=== Aim of the task ===
Required from the data below: the exact lines starting at the line containing "1girl ass black_dress" and ending at the line containing "295pcs Fishing Tackle", with both ends kept and all pictures dropped.
── Supplied records ──
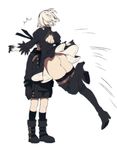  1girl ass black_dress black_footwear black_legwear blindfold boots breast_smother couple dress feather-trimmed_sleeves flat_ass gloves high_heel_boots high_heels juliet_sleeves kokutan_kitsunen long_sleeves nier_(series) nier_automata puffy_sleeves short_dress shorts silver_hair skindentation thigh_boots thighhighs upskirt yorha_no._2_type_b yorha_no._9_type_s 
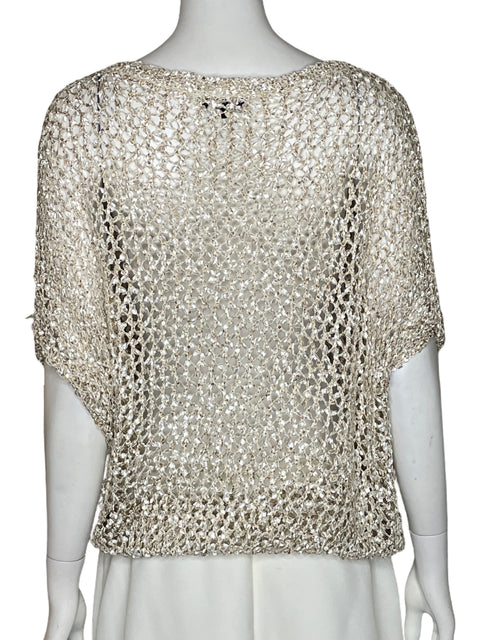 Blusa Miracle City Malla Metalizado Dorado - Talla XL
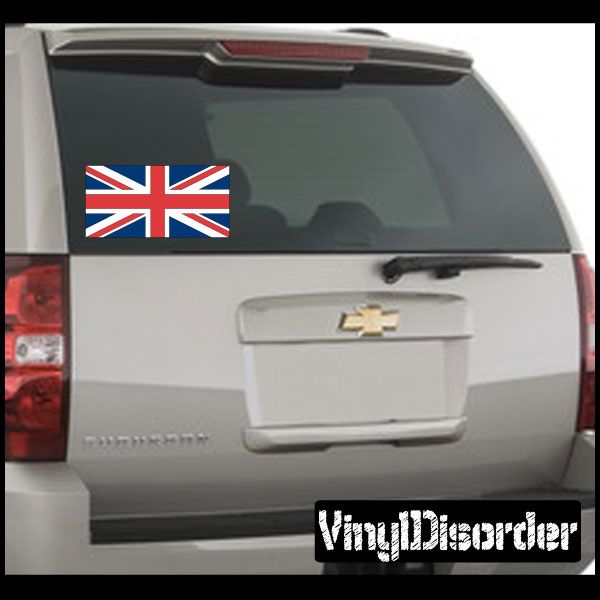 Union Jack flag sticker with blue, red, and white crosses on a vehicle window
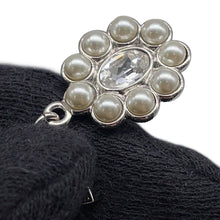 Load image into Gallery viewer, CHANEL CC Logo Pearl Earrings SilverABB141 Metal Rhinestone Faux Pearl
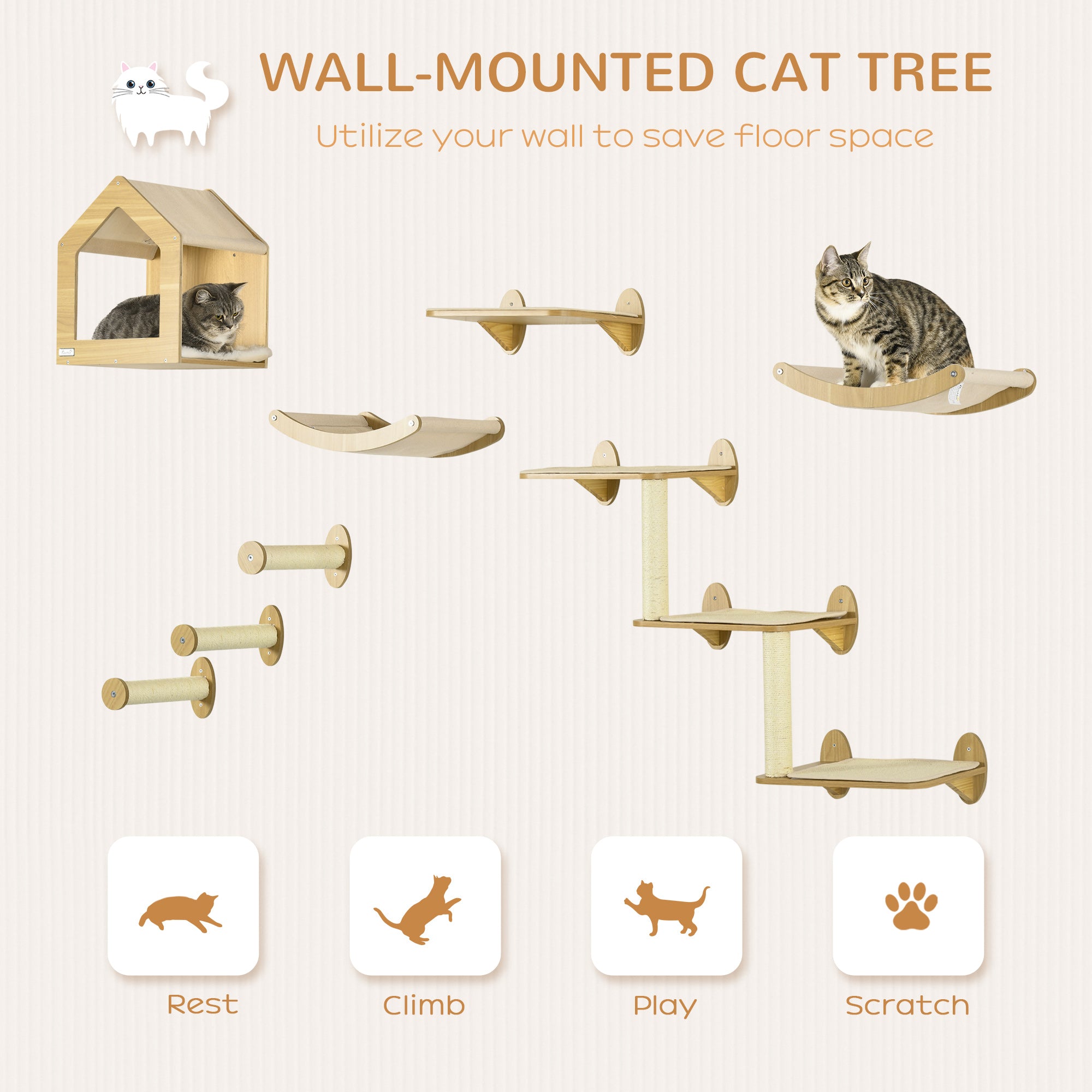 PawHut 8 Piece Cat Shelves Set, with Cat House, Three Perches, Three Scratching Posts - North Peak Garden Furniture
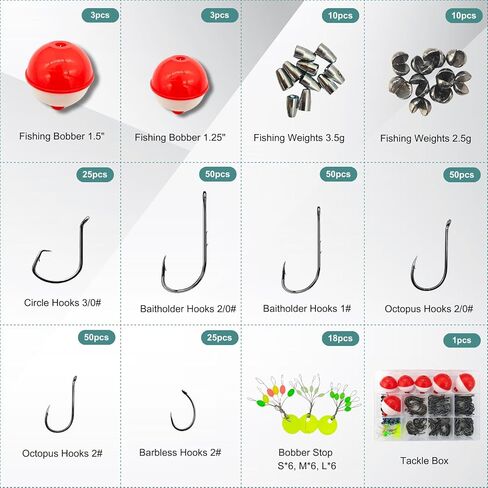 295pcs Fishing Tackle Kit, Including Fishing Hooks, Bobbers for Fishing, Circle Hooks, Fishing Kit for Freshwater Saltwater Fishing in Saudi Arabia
───
── Supplied records ──
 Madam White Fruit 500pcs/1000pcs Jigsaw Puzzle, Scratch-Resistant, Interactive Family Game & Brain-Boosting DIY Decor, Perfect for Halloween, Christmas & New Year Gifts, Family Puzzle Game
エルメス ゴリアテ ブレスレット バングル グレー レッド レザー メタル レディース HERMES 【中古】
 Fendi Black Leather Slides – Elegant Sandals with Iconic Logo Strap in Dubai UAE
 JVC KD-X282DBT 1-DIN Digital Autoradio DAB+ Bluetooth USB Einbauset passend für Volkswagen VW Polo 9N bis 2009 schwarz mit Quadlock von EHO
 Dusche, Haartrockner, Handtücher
───
── Supplied records ──
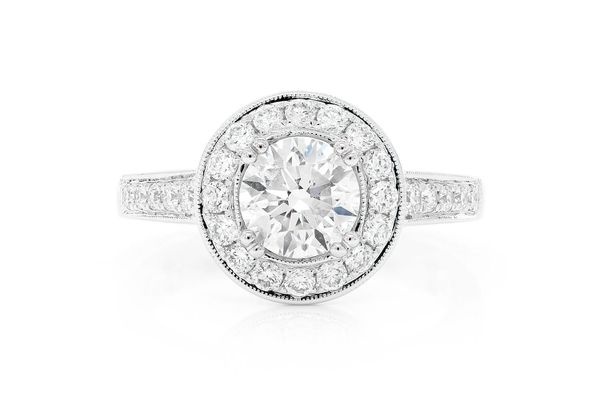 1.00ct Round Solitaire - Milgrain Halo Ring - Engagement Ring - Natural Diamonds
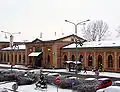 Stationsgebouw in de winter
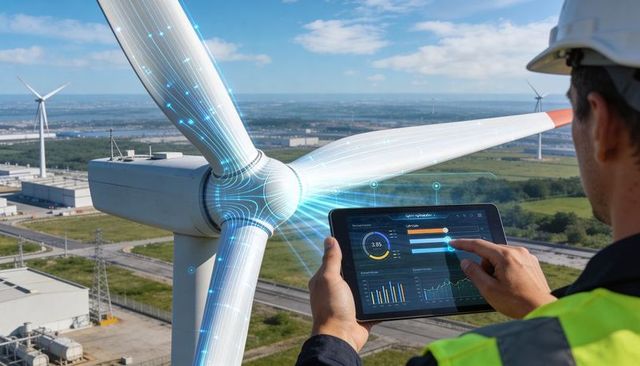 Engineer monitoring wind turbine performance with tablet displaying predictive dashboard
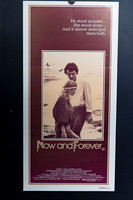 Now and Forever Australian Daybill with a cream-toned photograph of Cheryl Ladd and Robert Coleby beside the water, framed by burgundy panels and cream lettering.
───
=== Exercise solution ===
  1girl ass black_dress black_footwear black_legwear blindfold boots breast_smother couple dress feather-trimmed_sleeves flat_ass gloves high_heel_boots high_heels juliet_sleeves kokutan_kitsunen long_sleeves nier_(series) nier_automata puffy_sleeves short_dress shorts silver_hair skindentation thigh_boots thighhighs upskirt yorha_no._2_type_b yorha_no._9_type_s 
 Blusa Miracle City Malla Metalizado Dorado - Talla XL
 Union Jack flag sticker with blue, red, and white crosses on a vehicle window
 Load image into Gallery viewer, CHANEL CC Logo Pearl Earrings SilverABB141 Metal Rhinestone Faux Pearl
 PawHut 8 Piece Cat Shelves Set, with Cat House, Three Perches, Three Scratching Posts - North Peak Garden Furniture
 295pcs Fishing Tackle Kit, Including Fishing Hooks, Bobbers for Fishing, Circle Hooks, Fishing Kit for Freshwater Saltwater Fishing in Saudi Arabia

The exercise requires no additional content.